The Strategic Role of the CTO/CIO
The role of the CTO/CIO has been traditionally seen as a support role, serving the needs of the core business. But as companies deepen the use of technology to meet customer needs, the role of the head of technology in companies will gain greater importance. CTOs and CIOs have been key players in responding to this crisis, leading the teams that have allowed business to continue to operate where possible, and creating new digital possibilities for doing business where necessary.
As more of the workforce becomes remote and the reliance on cloud infrastructure deepens, more of the workload will be handled online, increasing security concerns that this data could be hacked. It will be the responsibility of the CTO/CIOs to both spearhead this cloud transformation and ensure that it happens safely.
CTOs/CIOs will also have to play a leading role in guiding the way their organizations face future trends. The emphasis on analyzing data from within the organization and data on how the organization interacts with its external stakeholders will become a core focus of decision making in the future and tech innovation will drive how this data is collected and utilized. Likewise, the tech takeover will drive the major trends of the near future in most, if not all industries; and having a visionary CTO/CIO is vital to understanding these trends and gaining a competitive advantage.
Tech and the Customer Experience
Now although it is easy to misinterpret this as a phenomenon brought about by the pandemic, a closer analysis reveals that it is simply an acceleration of a trend that we were already witnessing: the increased use of tech to meet customer needs.
In truth it isn’t a question of tech vs. non-tech, but a question of how technology can empower a company to provide a superior customer experience. In truth, Uber didn’t kill the taxi business through technical wizardry, it simply increased access to cabs, provided customers with greater transparency over their fares, and a more convenient way to make bookings. Likewise, Airbnb didn’t disrupt the hospitality industry through rocket science, it simply used technology to increase the availability of accommodation and offer a greater array of pricing options.
Although we may perceive the trend as a ‘tech-takeover’, it is really a ‘customer-experience’ takeover driven by technology. The shifts in cash, and the changes in customer behavior caused by the COVID-19 crisis are simply accelerating this trend. At the end of the day, the customer is still key and as a business, being able to adapt to changing behavior patterns of the customer will define the success of the company.
“Software is Eating the World” – Marc Andreessen
As the quote from one of the founding members of Andreessen Horowitz, one of the most renowned venture capital firms in the Silicon Valley suggests, business models are changing and being disrupted by tech companies. More and more, engineers are heading companies that become industry leaders, tech companies are growing exponentially, and traditional companies are deepening the use of technology in how they serve their customers.
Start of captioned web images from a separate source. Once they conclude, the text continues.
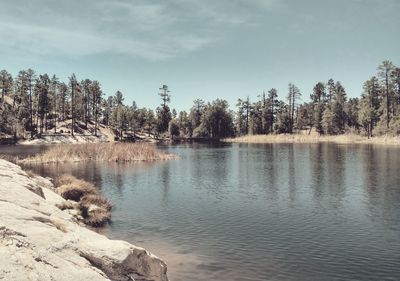 Scenic view of lake against sky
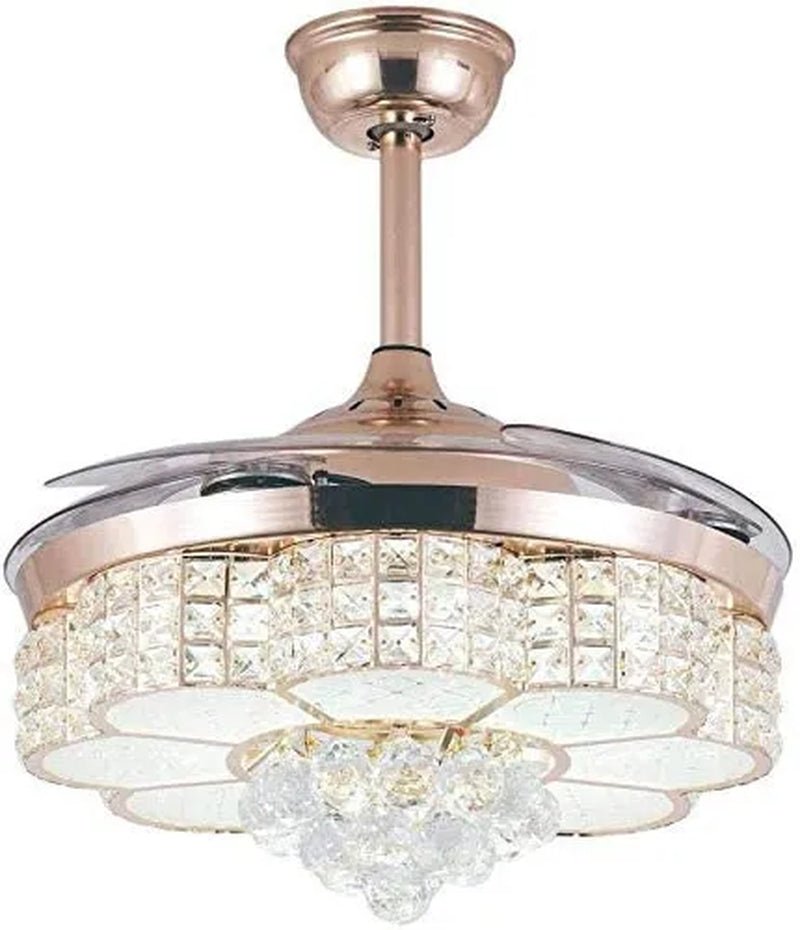 42inch  LED 4 Acrylic Crystal Chandelier Ceiling Light Automatic Retractable Crystal Fan Blade Ceiling Lamp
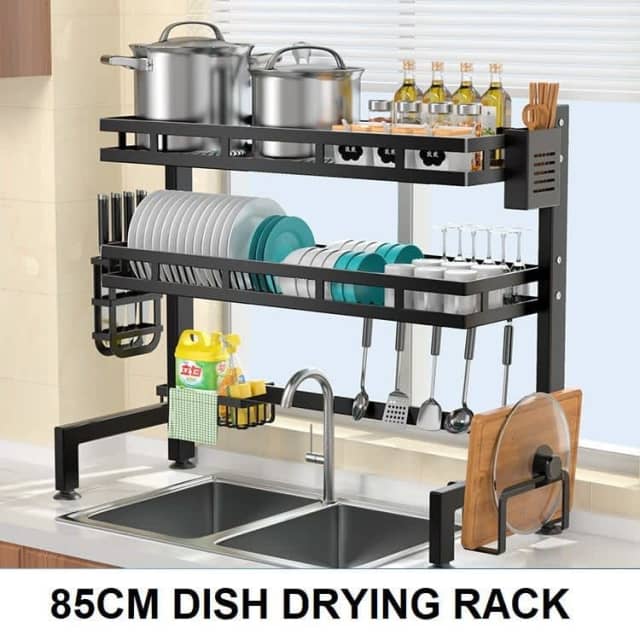 Large Dish Drying Rack with Drainboard, 2 Tier Dish Drainers with  Controllable Drainage for Kitchen Counter, with Pot lid Holder, Utensil  Holder, Cup Holder, Cutting Board Holder and Extra Hooks 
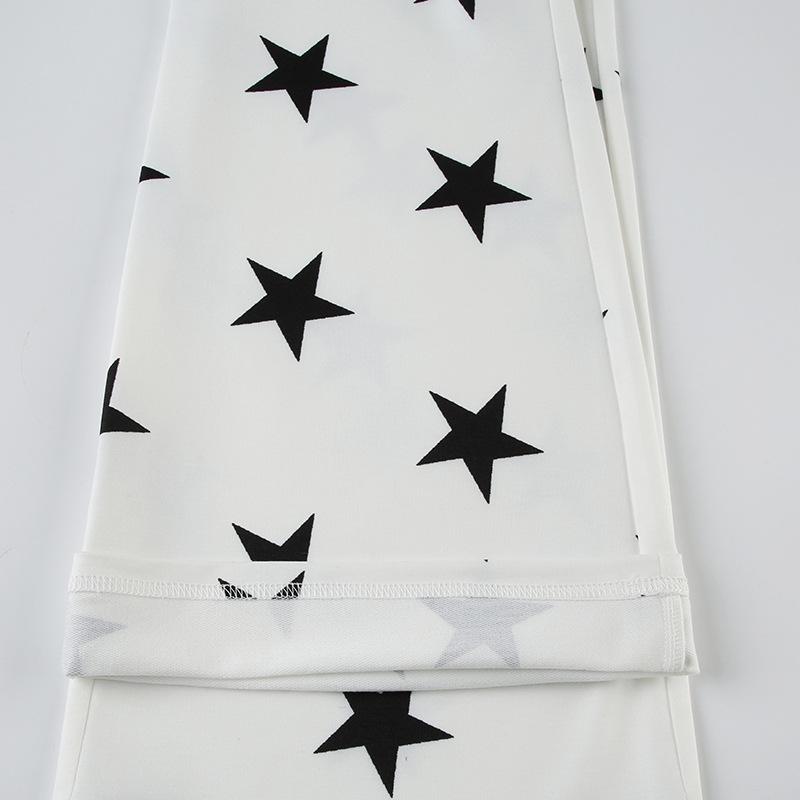 Women's Pant  Casual Micro Knit Fashion Loose Star Printed High Waisted Wide Leg Trousers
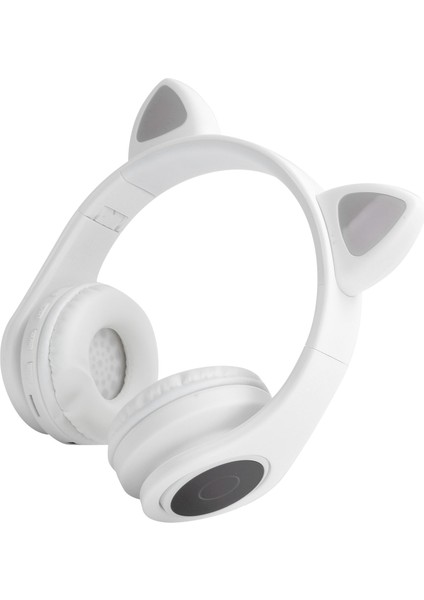 Gençler Için Mikrofonlu LED Gürültü Azaltma Kulaklığı Kedi Kulak Şeklinde Bluetooth 5.0 Kulaklıkbeyaz (Yurt Dışından) modelleri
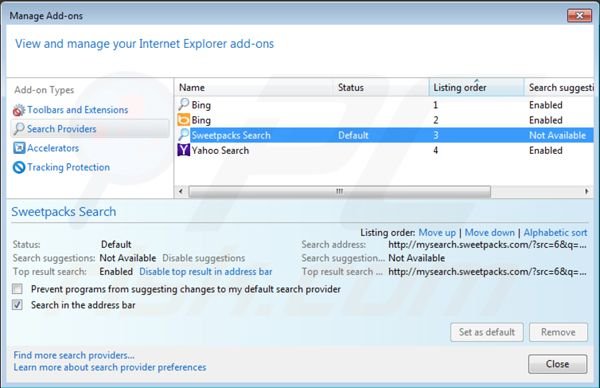 Remove redirects Mysearch.sweetpacks.com the settings default search engine in Internet Explorer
As the table shows, the five largest companies in the world by market cap are all tech companies: Apple ($1.4 trillion), Microsoft ($1.39 trillion), Amazon ($1.2 trillion), Alphabet ($984 billion), and Facebook ($642 billion). These companies have continued to earn revenue during the pandemic while other companies have struggled to survive. Today, they have a combined cash reserve of $458 billion; so, a likely trend is the acquisition of struggling non-tech businesses by these tech companies who will then work on transforming them into businesses that harness tech to meet their customers’ needs. “Software is eating the world” just got accelerated.